Rodin, ormai anziano, accolse nel suo studio diverse ballerine celebri all’epoca, sviluppando una predilezione per quelle acrobatiche. Le loro contorsioni sinuose – estreme fino all’inumano – erano un idillio per la sua sensibilità scultorea. Le quattordici statuette di terracotta in mostra al MUDEC, ad esempio, sono ispirate ai movimenti della danzatrice-acrobata Alda Moreno, la cui personalità è fusa negli accenni plastici alle sue pose.
Come era vero per tutta la sua produzione più tarda, anche le sculture delle ballerine di Rodin erano piuttosto “radicali” per i suoi contemporanei. Nel loro non-finito miravano a restituire l’idea del fluire della vita nel corpo. Così le commentava: “Per esprimere il movimento in tutto il suo carattere e verità, è importante che questo sia insieme il risultato di movimenti consecutivi che hanno preceduto il momento sul quale ci si concentra”. Sintomo di piena consapevolezza del gesto che imprimeva nella materia.
La mostra di Auguste Rodin al Mudec di Milano
Sviluppata a partire da un corpus di 14 statuette di terracotta raffiguranti ballerine – quasi tutte in prestito dal Musée Rodin – l’esposizione ricostruisce l’incontro tra l’artista e il mondo della danza.

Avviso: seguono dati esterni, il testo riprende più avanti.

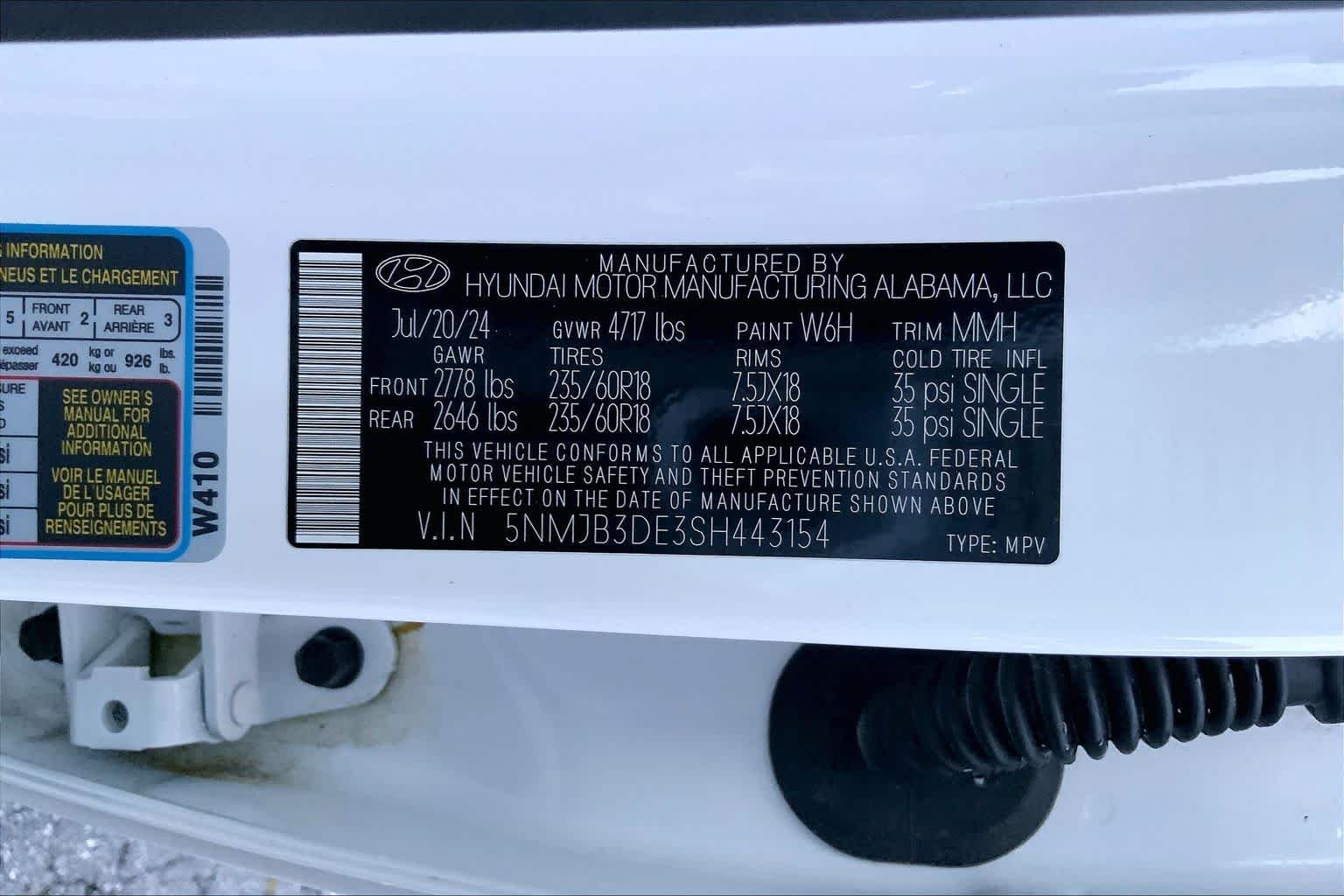 Used 2025 Serenity White Pearl Hyundai SEL image 31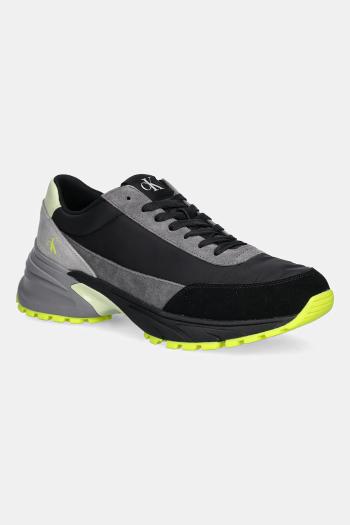 Tenisky Calvin Klein Jeans HIKE RUNNER CASUAL NY-SU šedá farba, YM0YM01292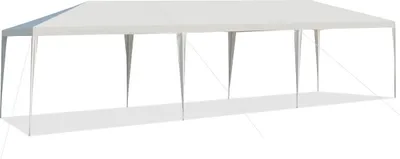 Image de Tente de fête 3 m x 9 m Gazebo extérieur étanche Blanc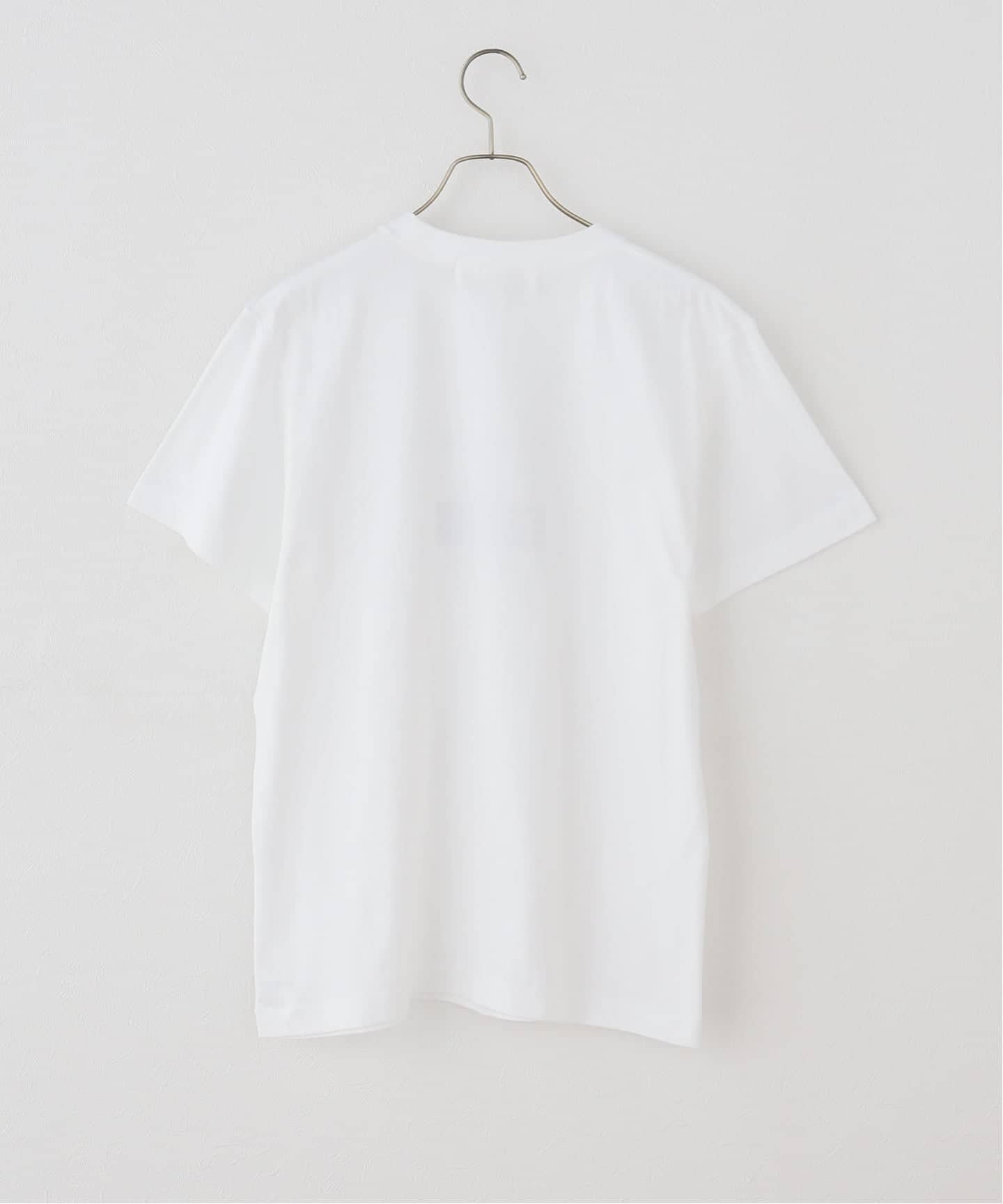 手洗い可 / ANGE IN DISGUISE / アンジ イン ディスガイズ Le Marais ベーセーストック トップス カットソー・Tシャツ ホワイト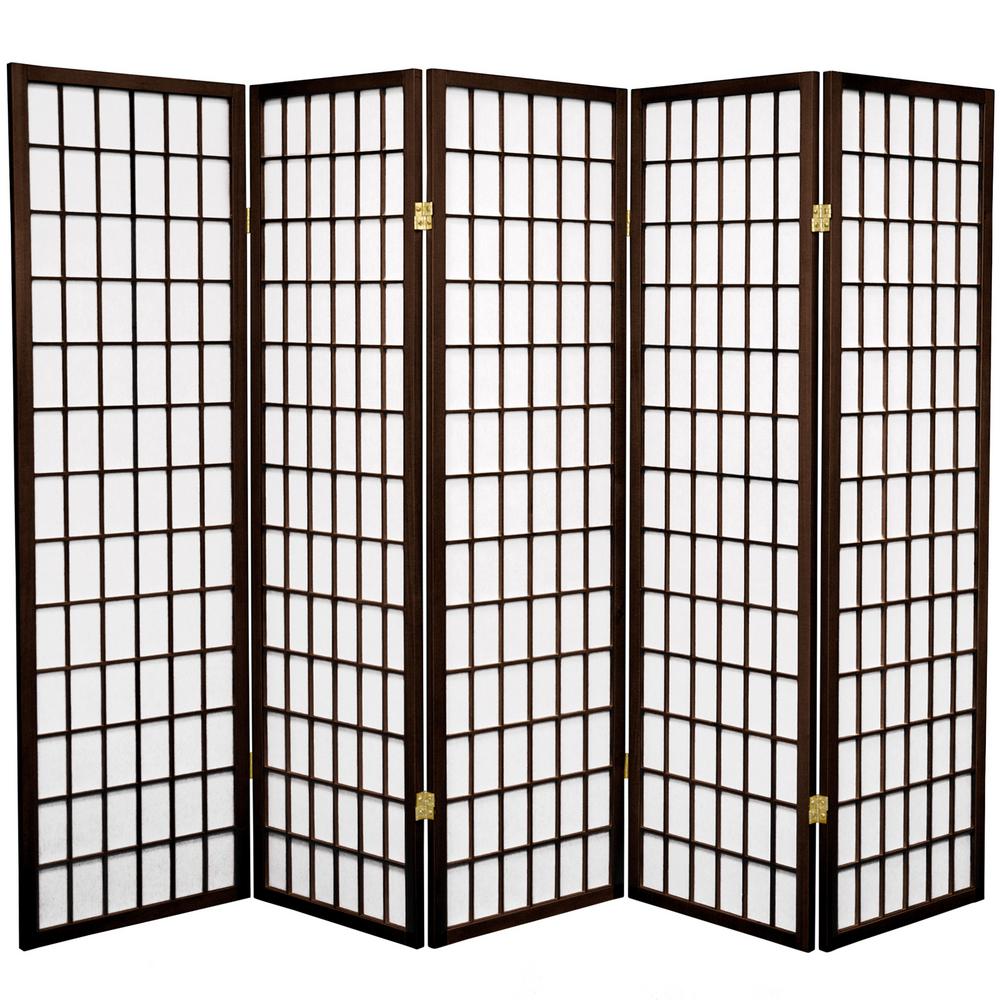 5 ft. Walnut 5Panel Room DividerWP60WAL5P The Home Depot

La prospettiva curatoriale, però, è ulteriormente estesa. Prende spunto dalla produzione scultorea di Rodin, per analizzare il tema attraverso media e culture differenti. Alle figure di gesso e terracotta autografe, si accostano prima di tutto fotografie: derivazioni creative realizzate negli anni dal Museo parigino, in cui le ballerine in carne e ossa posano in dialogo con analoghe sculture.
In una sezione successiva, si guarda invece all’Oriente. Le performance tradizionali – tra cui quelle giapponesi e cambogiane – non furono estranee a Rodin, che prese certo parte ai popolari spettacoli cittadini dell’epoca. Tanto da esserne ispirato, e da rendere i figuranti suoi soggetti sperimentali. Si veda ad esempio la Maschera di Hanako (1907), in mostra accanto a stampe di scenografie dei balletti etnici, e a manufatti provenienti dai Paesi esotici d’origine dei danzatori.

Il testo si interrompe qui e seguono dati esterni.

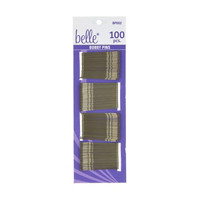 Belle Bobby Pins Brown, 100 Count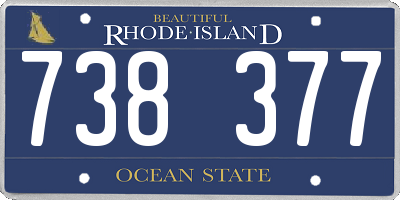RI license plate 738377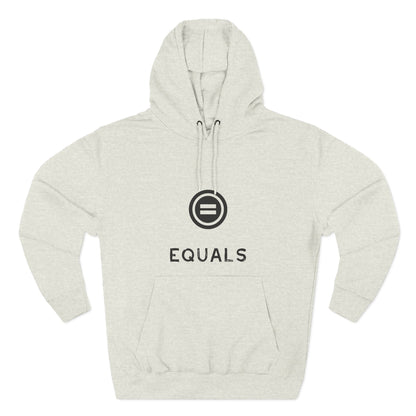 Three-Panel Fleece Hoodie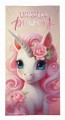 RĘCZNIK bawełniany JEDNOROŻEC 70x140 unicorn KOŃ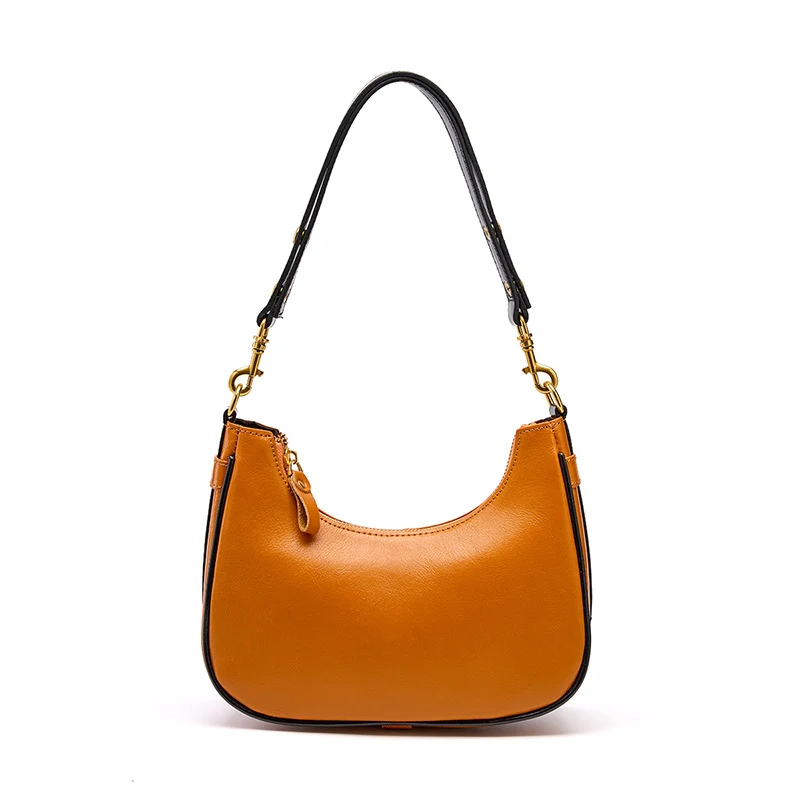 Senior Sense Baguette Baotou Layer Cowhide Women Bag. A stylish and functional everyday bag crafted from premium cowhide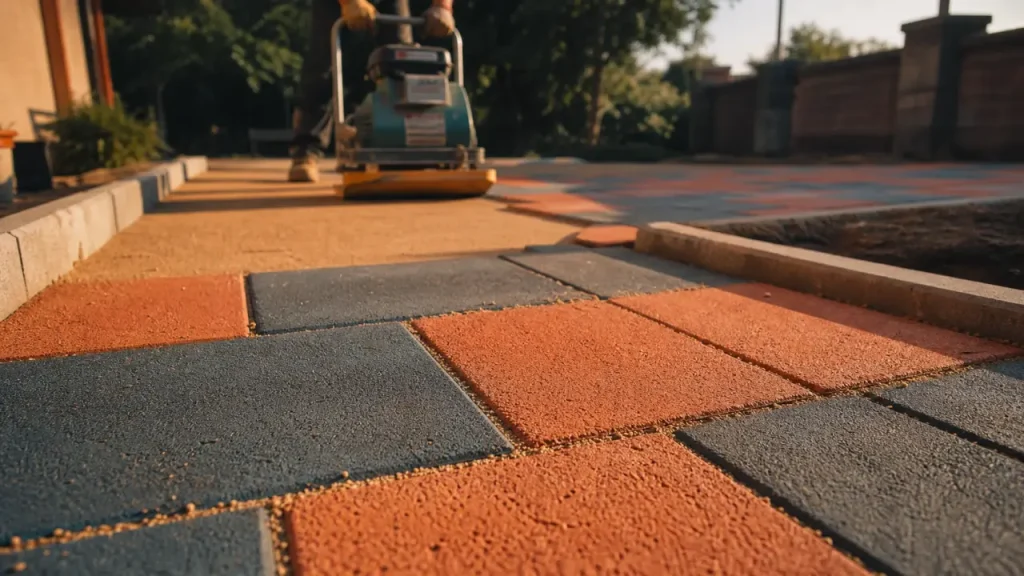 Autobloquant pave : emboîtement et pose des pavés autobloquant pavés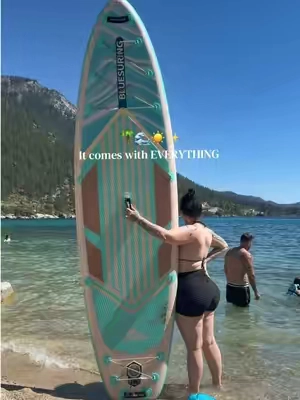 Best purchase YET! ✨🌊🏄‍♀️ #summeressentials #summerwins #dealsforyoudays #paddleboarding #summerfinds 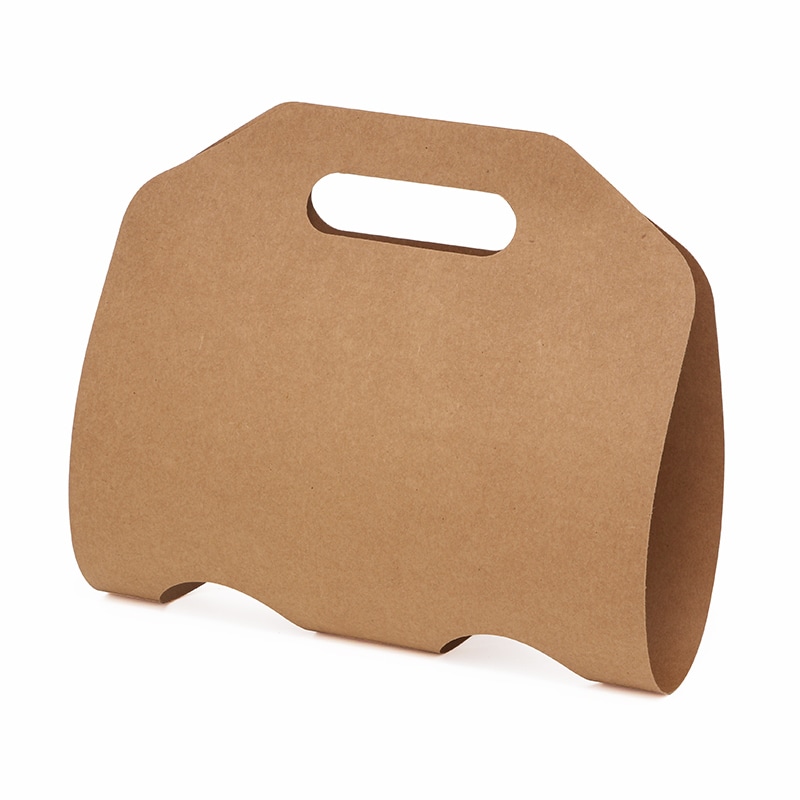 HEIKO カップホルダー テイクアウトカップホルダー 2個用 クラフト 50枚/束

Le ballerine di terracotta di Auguste Rodin
All’ingresso – proprio nel mezzo della sala in penombra – una teca di vetro si fa palcoscenico di un balletto. Le interpreti sono una serie di terrecotte (Movimenti di danza), che paiono esibirsi in pose acrobatiche in sequenza. Quasi fossero mosse premeditate di una ben precisa successione. La figurante rappresentata è con buona probabilità Alda Moreno: la ballerina-acrobata già menzionata. La sola, snodata a sufficienza, da rendere verosimili alcune delle pose più estreme.

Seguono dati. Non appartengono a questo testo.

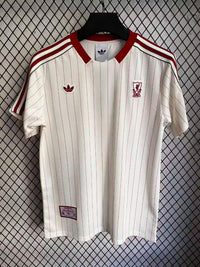 Liverpool 25/26 White/Red Stripe Away Jersey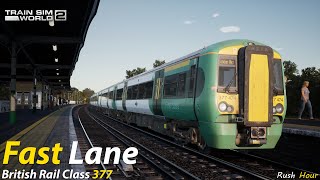 Fast Lane  London Commuter  Train Sim World 2 1080p60fps [upl. by Gardiner380]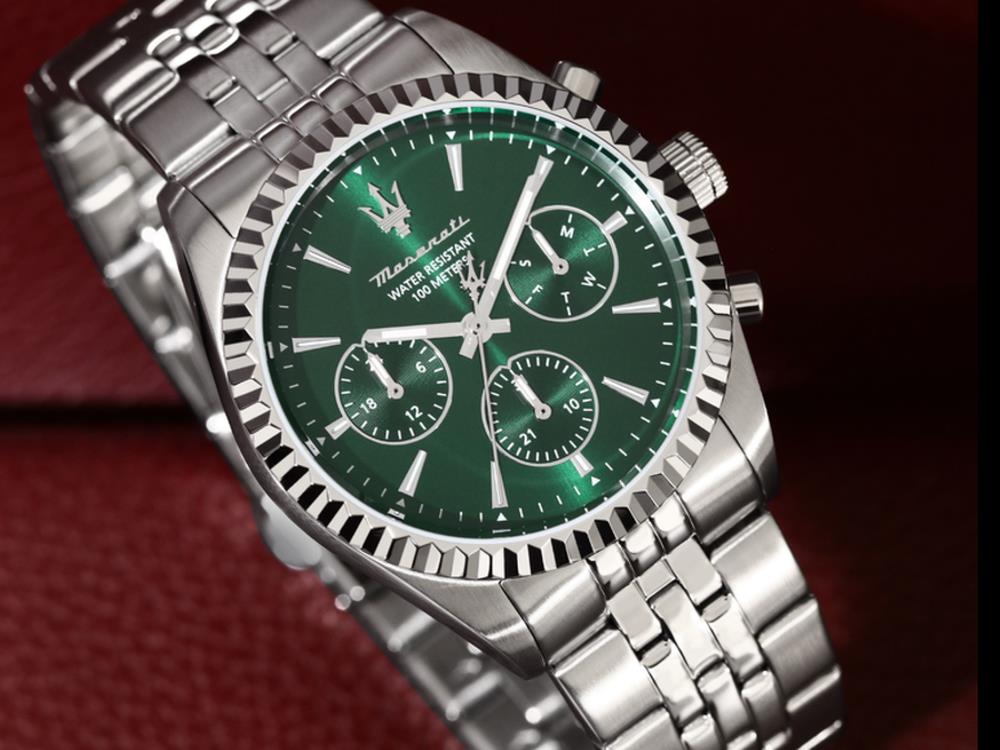 Reloj de Cuarzo Maserati Competizione, Verde, 41 mm, Cristal mineral R8853100052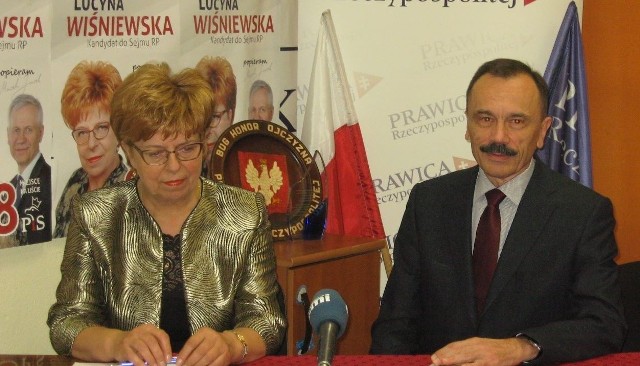 Jan Łopuszański poparł Lucynę Wiśniewską z Prawicy RP, która startuje z 8. miejsca listy PiS w Radomskiem.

Il Pensatore e l’Età del Bronzo di Auguste Rodin al MUDEC
La mostra milanese è inoltre l’occasione per vedere da vicino due versioni dei celebri capolavori di Rodin. Si tratta dapprima dell’Età del Bronzo: il giovane soldato riprodotto così realisticamente, da provocare all’artista l’accusa di averne fatto “il calco” e non la scultura. In esso si apprezza a pieno l’influenza di Michelangelo, dal cui Prigione trae diretta derivazione.
La seconda grande opera in mostra è un esemplare del Pensatore – un paradigmatico Dante Alighieri colto nel pieno delle riflessioni. L’immagine di quest’uomo meditante, con lo sguardo apparentemente perso nel vuoto, assurge a metafora universale dell’essere umano moderno.